El Estado tradicional, es decir, la Monarquía, se ha ido formando un surtido de ideas sobre el modo de ser de los españoles. Piensa, por ejemplo, que moralmente pertenecen a la familia de los óvidos, que en política son gente mansurrona y lanar, que lo aguantan y sufren todo sin rechistar, que no tienen sentido de los deberes civiles, que son informales, que a las cuestiones de derecho y, en general, públicas, presentan una epidermis córnea. Como mi única misión en esta vida es decir lo que creo verdad -y, por supuesto, desdecirme tan pronto como alguien me demuestre que padecía equivocación-, no puedo ocultar que esas ideas sociológicas sobre el español tenidas por su Estado son, en dosis considerables, ciertas. Bien está, pues, que la Monarquía piense eso, que lo sepa y cuente con ello; pero es intolerable que se prevalga de ello. Cuanto mayor verdad sean, razón de más para que la Monarquía, responsable ante el Altísimo de nuestros últimos destinos históricos, se hubiese extremado, hora por hora, en corregir tales defectos, excitando la vitalidad política del español, haciéndolo hiperestésico para el derecho y la divinidad civil, persiguiendo cuanto fomentase su modorra moral y su propensión lanuda. No obstante, ha hecho todo lo contrario. Desde Sagunto, la Monarquía no ha hecho más que especular sobre los vicios españoles, y su política ha consistido en aprovecharlos para su exclusiva comodidad. La frase que en los edificios del Estado español se ha repetido más veces es ésta: «¡En España no pasa nada!» La cosa es repugnante, repugnante como para vomitar entera la historia española de los últimos sesenta años; pero nadie honradamente podrá negar que la frecuencia de esa frase es un hecho.
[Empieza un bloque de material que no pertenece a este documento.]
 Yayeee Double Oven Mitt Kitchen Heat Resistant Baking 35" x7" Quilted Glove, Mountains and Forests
Desde que mi generación asiste a la vida pública no ha visto en el Estado otro comportamiento que esa especulación sobre los vicios nacionales. Ese comportamiento se llama en latín y en buen castellano: indecencia, indecoro. Ese Estado, en vez de ser inexorable educador de nuestra raza desmoralizada, no ha hecho más que arrellanarse en la indecencia nacional.

Pero esta vez se ha equivocado. Éste es el error Berenguer. Al cabo de diez meses, la opinión pública está menos resuelta que nunca a olvidar la gran viltá que fue la Dictadura. El Régimen sigue solitario, acordonado, como leproso en lazareto. No hay un hombre hábil que quiera acercarse a él; actas, carteras, promesas -las cuentas de vidrio perpetuas-, no han servido esta vez de nada. Al contrario: esa última ficción colma el vaso. La reacción indignada de España empieza ahora precisamente ahora, y no hace diez meses. España se toma siempre tiempo, el suyo.
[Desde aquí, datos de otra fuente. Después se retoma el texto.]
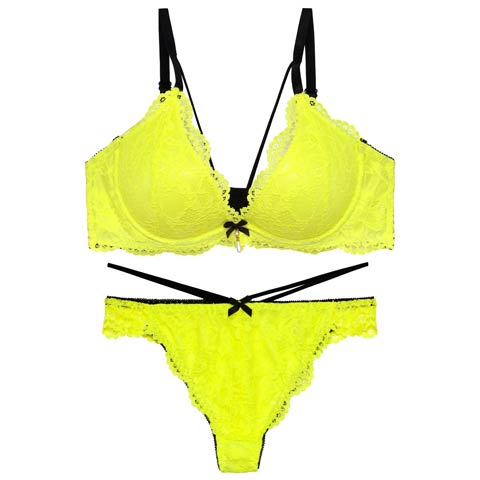 2/11新作!ネオンカラーレースコードブラジャー&バック透けTバックショーツ［激売れ］(グリーン-A65/ショーツM)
Supongamos un instante que el advenimiento de la Dictadura fue inevitable. Pero esto, ni que decir tiene, no vela ni lo más mínimo el hecho de que sus actos después de advenir fueron una creciente y monumental injuria, un crimen de lesa patria, de lesa historia, de lesa dignidad pública y privada. Por tanto, si el Régimen la aceptó obligado, razón de más para que al terminar se hubiese con leal entereza, con nacional efusión, abrazado al pueblo y le hubiese dicho: Hemos padecido una incalculable desdicha. La normalidad que constituía la unión civil de los españoles se ha roto. La continuidad de la historia legal se ha quebrado. No existe el Estado español. Españoles: ¡reconstruid vuestro Estado!

Pero no ha hecho esto, que era lo congruente con la desastrosa situación, sino todo lo contrario. Quiere una vez más salir del paso, como si los veinte millones de españoles estuviésemos ahí para que él saliese del paso. Busca alguien que se encargue de la ficción, que realice la política del «Aquí no ha pasado nada». Encuentra sólo a un general amnistiado.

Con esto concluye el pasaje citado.